**About this exercise**. An exact copy of every entry is required, minus the pictures.

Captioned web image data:
##########

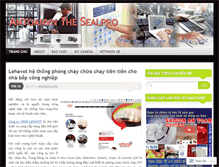 Tablet Screenshot of antoanvn.wordpress.com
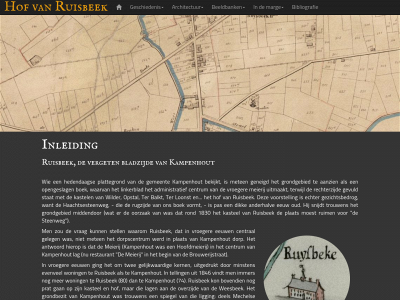 hofvanruisbeek.be snapshot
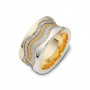 Coral Wedding Ring 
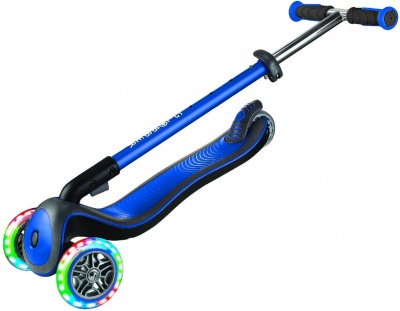 Самокат Globber Elite Deluxe синий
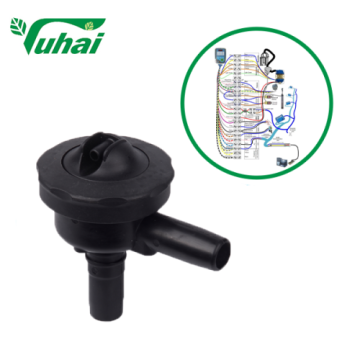 Stop-Snocking Valve for Milker Parts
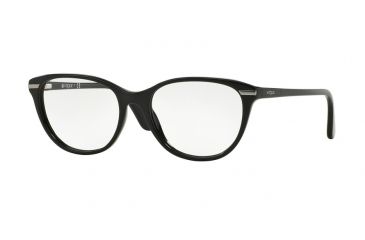 Image of Vogue VO2937 Bifocal Prescription Eyeglasses W44-53 - Black Frame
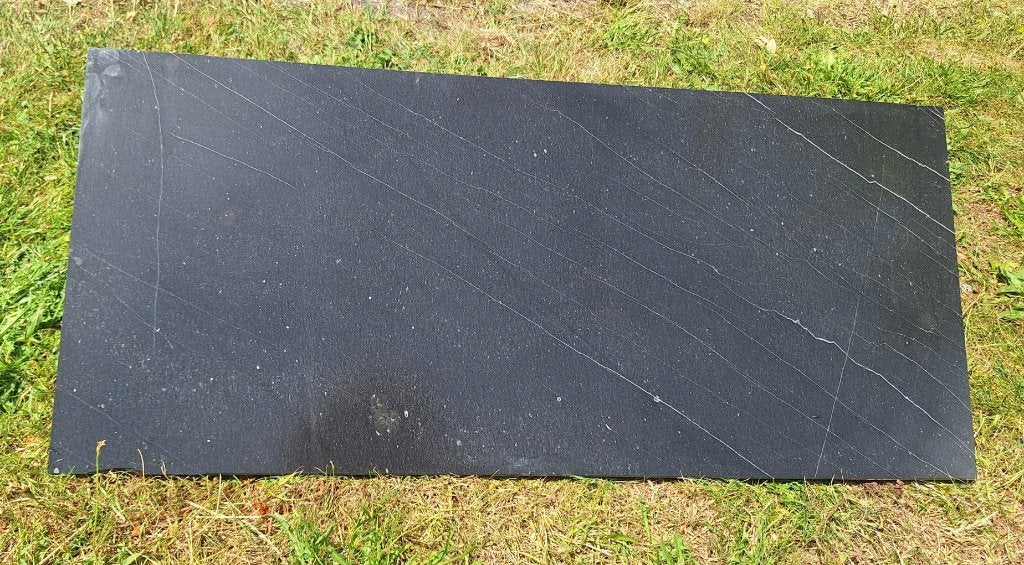 Belgische hardstenen tegel, Ophalen, 60 cm of meer, Hardsteen, 60 cm of meer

##########

**Your solution**.
 Tablet Screenshot of antoanvn.wordpress.com
 hofvanruisbeek.be snapshot
 Coral Wedding Ring 
 Самокат Globber Elite Deluxe синий
 Stop-Snocking Valve for Milker Parts
 Image of Vogue VO2937 Bifocal Prescription Eyeglasses W44-53 - Black Frame
 Belgische hardstenen tegel, Ophalen, 60 cm of meer, Hardsteen, 60 cm of meer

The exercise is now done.